Notes-Part-3-Class-12-Physics-Chapter-8-Electrostatics-MSBSHSE

Principle of a capacitor: Any conductor can be used to store charges, however, its capacity can be increased by keeping a grounded conductor near it.

To understand the principle of a capacitor let us Consider a metal plate A whose potential is raised to V by depositing a charge + Q on it, so that its capacity is C = Q/V. Now, if an uncharged metal plate B is brought close to plate A, then negative bound charge  −Q will be induced on the surface of B near A and positive free charge + Q on the other side of B, see Fig. (a).

If plate B is grounded, i.e., connected to the Earth, the free charge on it will escape to the Earth, Fig. (b). The bound charge (— Q) thus remaining on B will lower the potential of A, as if superimposing a potential −V₁ on the potential V of plate A. The resultant potential of A will become V−V₁, and its capacity will be Q/(V − V₁).

C’ = Q/(V − V₁)

Keeping plate B very close to A, V − V₁ can be made very small, so that the capacity of the combination can become very much greater than the capacity of conductor A alone. C’ >> C

Thus capacity of metal plate A, is increased by placing an identical earth connected metal plate B near it.

Such an arrangement is called capacitor. It is symbolically shown as —| |—.

Types of Capacitor :

If the conductors are plane then it is called parallel plate capacitor. We also have spherical capacitor, cylindrical capacitor etc. based on the shape of the conductors.

• Parallel-plate capacitor : It consists of two parallel metal plates, separated by a small gap [Fig.(a)] of air or filled with a dielectric. The charge to be stored is given to one plate (A) while the other plate (B) is earthed.
• Spherical capacitor : It consists of two concentric spherical conductors, separated by a small gap of air or filled with a dielectric [Fig.(b)]. The charge to be stored is given to the inner sphere (A), while the outer sphere (B) is earthed.
• Cylindrical capacitor : It consists of two coaxial, cylindrical conductors separated by a small gap of air or filled with a dielectric [Fig. (c)]. The charge to be stored is given to the inner cylinder (A), while the outer cylinder (B) is earthed.

Depending on the dielectric used, the capacitors of different types are (i) mica capacitor (ii) air capacitor (iii) paper capacitor (iv) electrolytic capacitor, etc.

(i) Capacitors in series:

When a potential difference (V) is applied across several capacitors connected end to end in such a way that sum of the potential difference across all the capacitors is equal to the applied potential difference V, then the capacitors are said to be connected in series.

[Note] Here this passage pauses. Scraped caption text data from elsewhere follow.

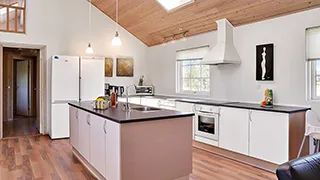 Küche in Gyvel Aktivhus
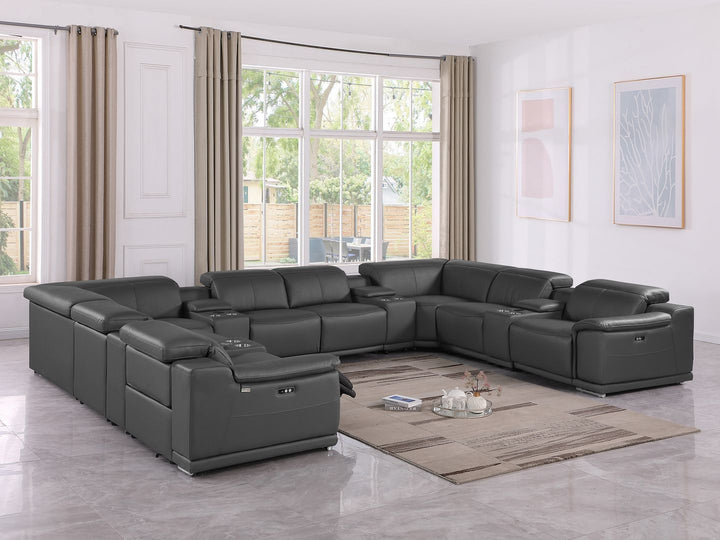9762 - 12-Piece U-Shaped Sectional Sofa With 4 Power Recliners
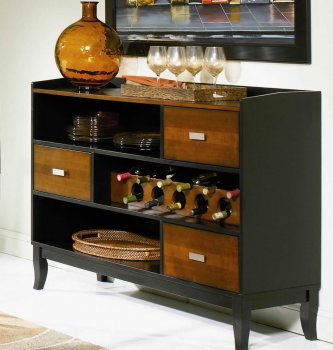 Boyer Server 102095 in Amber & Black by Coaster [CRBU-102095 Boyer]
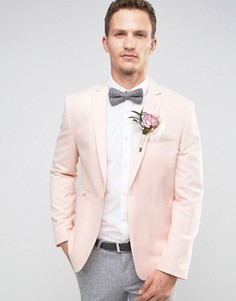 Розовый облегающий блейзер в крапинку ASOS WEDDING - Розовый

In the series arrangement of capacitors, the capacitors are connected end to end and a cell is connected across the combination of the capacitors as shown in below Fig.

Let C₁, C₂, C₃ be the capacitances of the three capacitors connected in series and Q, the charge on each capacitor. Let V₁, V₂, V₃ be the potential differences across the capacitors.

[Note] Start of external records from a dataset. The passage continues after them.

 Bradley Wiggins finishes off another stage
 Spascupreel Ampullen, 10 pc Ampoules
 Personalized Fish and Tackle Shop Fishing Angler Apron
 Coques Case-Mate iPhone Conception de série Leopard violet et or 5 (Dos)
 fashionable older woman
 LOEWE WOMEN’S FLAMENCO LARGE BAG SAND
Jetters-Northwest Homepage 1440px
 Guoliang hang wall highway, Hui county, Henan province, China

Now, charge = capacitance x potential difference

Q = C₁V₁ = C₂V₂ = C₃V₃

V₁ = Q/C_1, V₂ = Q/C₂, V₃ = Q/C₃

If V is the potential difference across the combination and C is the equivalent or effective capacitance of the combination, we have,

C = Q/V,  ∴ V = Q/C

But V = V₁ + V₂ + V₃

∴ Q/C = Q/C₁ + Q/C₂ + Q/C₃

∴ 1/C = 1/C₁ + 1/C₂ + 1/C₃

In general, if n capacitors of capacitances C₁, C₂, C₃ , ..., C_n are connected in series, the equivalent capacitance (C) of the combination is given by

1/C = 1/C₁ + 1/C₂ + 1/C₃ + …… 1/C_n

(ii) Capacitors in Parallel:

The parallel arrangement of capacitors is as shown in Fig. below, where the insulated plates are connected to a common terminal A which is joined to the source of potential, while the other plates are connected to another common terminal B which is earthed.

Thus, the potential difference (V) across each capacitor is the same. Let C₁, C₂, C₃ be the capacitances of the three capacitors connected in parallel and C, the equivalent or effective capacitance of the combination. The charge Q supplied by the cell is distributed as Q₁, Q₂ and Q₃ on the capacitors.

Since capacitance = (Charge)/(Potentlal difference)

C₁ = Q₁/V, C₂ = Q₂/V, C₃ = Q₃/V and C = Q/V

Q₁ = C₁V, Q₂ = C₂V, Q₃ = C₃V and Q = CV

Since, Q = Q₁ + Q₂ + Q₃

∴ CV = C₁V + C₂V + C₃V

∴ C = C₁ + C₂ + C₃

In general, if n capacitors are connected in parallel

C = C₁ + C₂ + C₃ ...+C_n

(a) Capacitance of a parallel plate capacitor without a dielectric (an air or vacuum capacitor) :

Consider a parallel-plate capacitor, consisting of two parallel plates A and B separated by a distance d as shown in Fig.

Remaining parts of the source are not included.